- What the exercise asks
Whenever a picture appears, omit it, and set down everything else in the records exactly.

[Dataset records Boundary: Start]

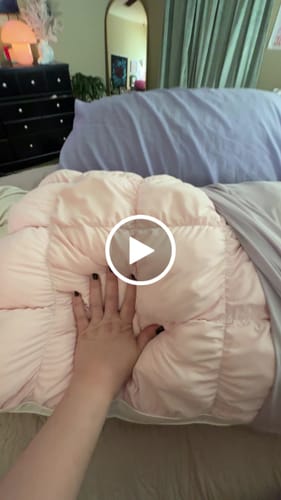 Customer video review of Puff Pillow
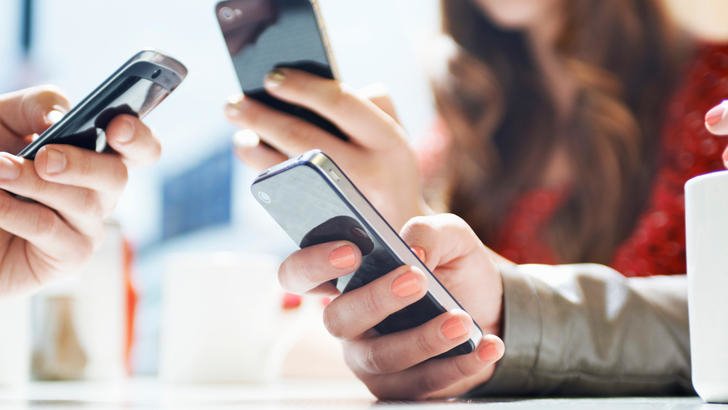 Odamlar bir yil davomida 2,5 oy vaqtini smartfonga sarflagan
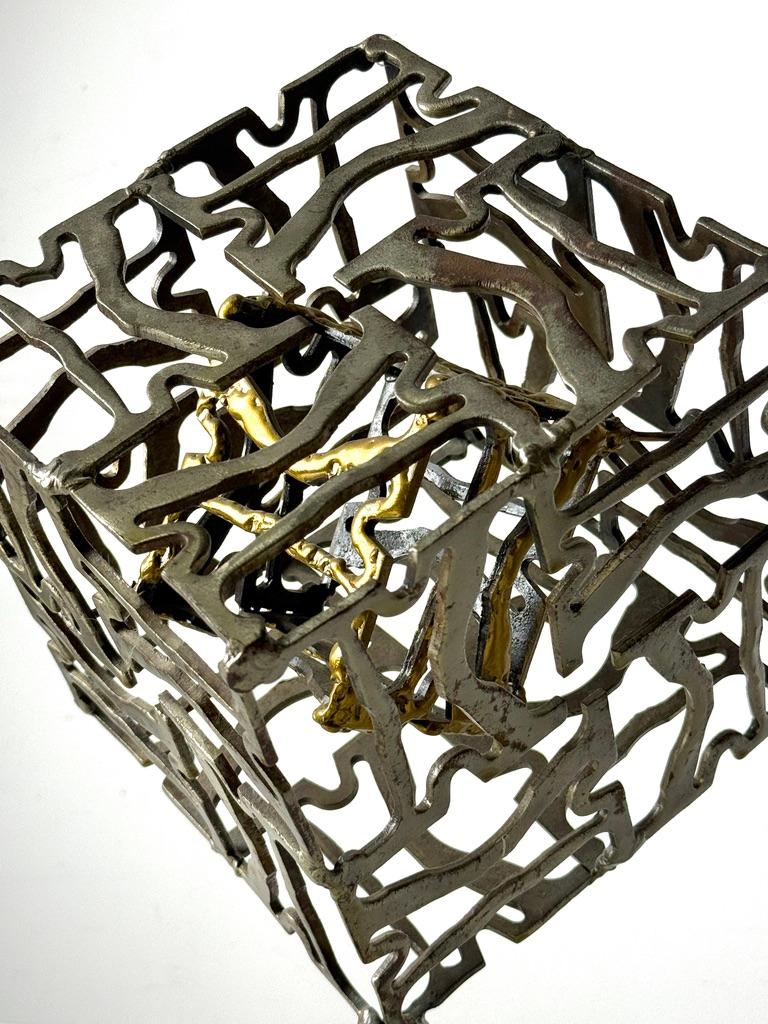 Americano Scultura geometrica brutalista in metallo saldato, cubo astratto in acciaio e ottone 1960s in vendita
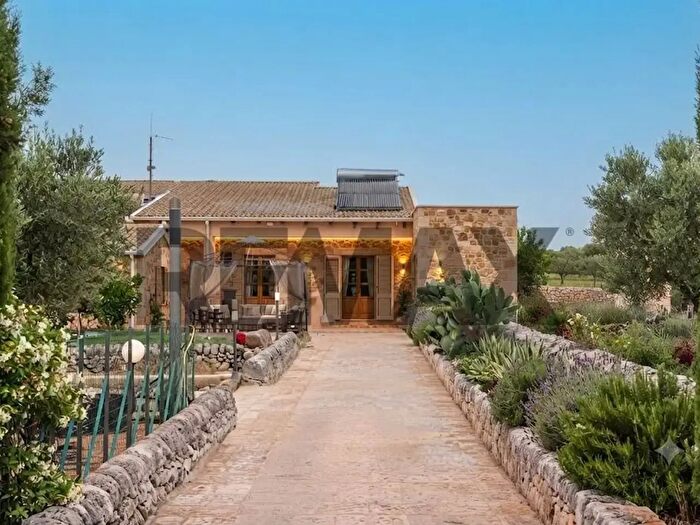 Casa con 5 locali in vendita in Contrada Puntarazzi Snc, Ragusa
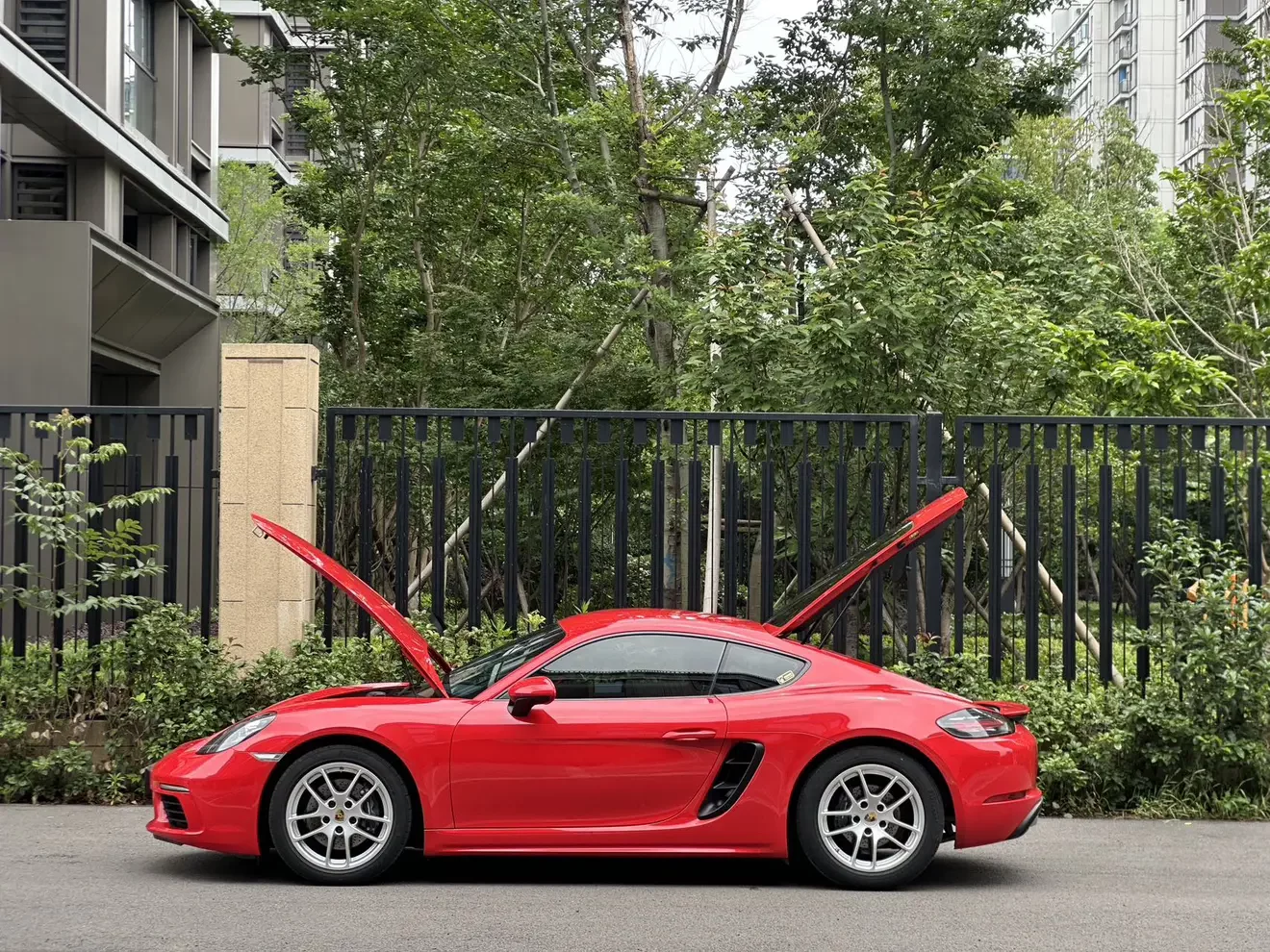 Porsche 718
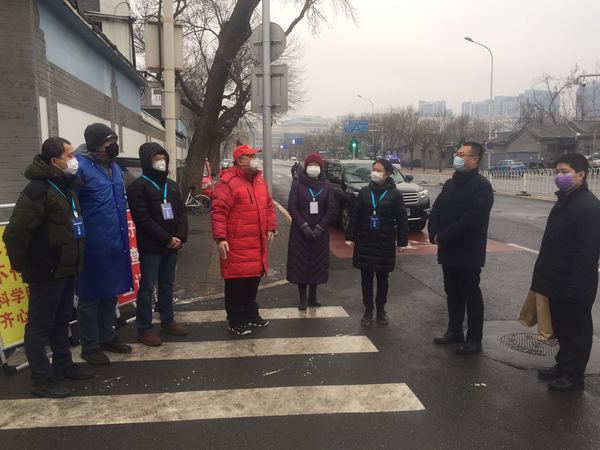 9市委統戰部副部長劉先傳看望民主黨派下沉干部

[Dataset records Boundary: End]

- Problem solution
 Customer video review of Puff Pillow
 Odamlar bir yil davomida 2,5 oy vaqtini smartfonga sarflagan
 Americano Scultura geometrica brutalista in metallo saldato, cubo astratto in acciaio e ottone 1960s in vendita
 Casa con 5 locali in vendita in Contrada Puntarazzi Snc, Ragusa
 Porsche 718
 9市委統戰部副部長劉先傳看望民主黨派下沉干部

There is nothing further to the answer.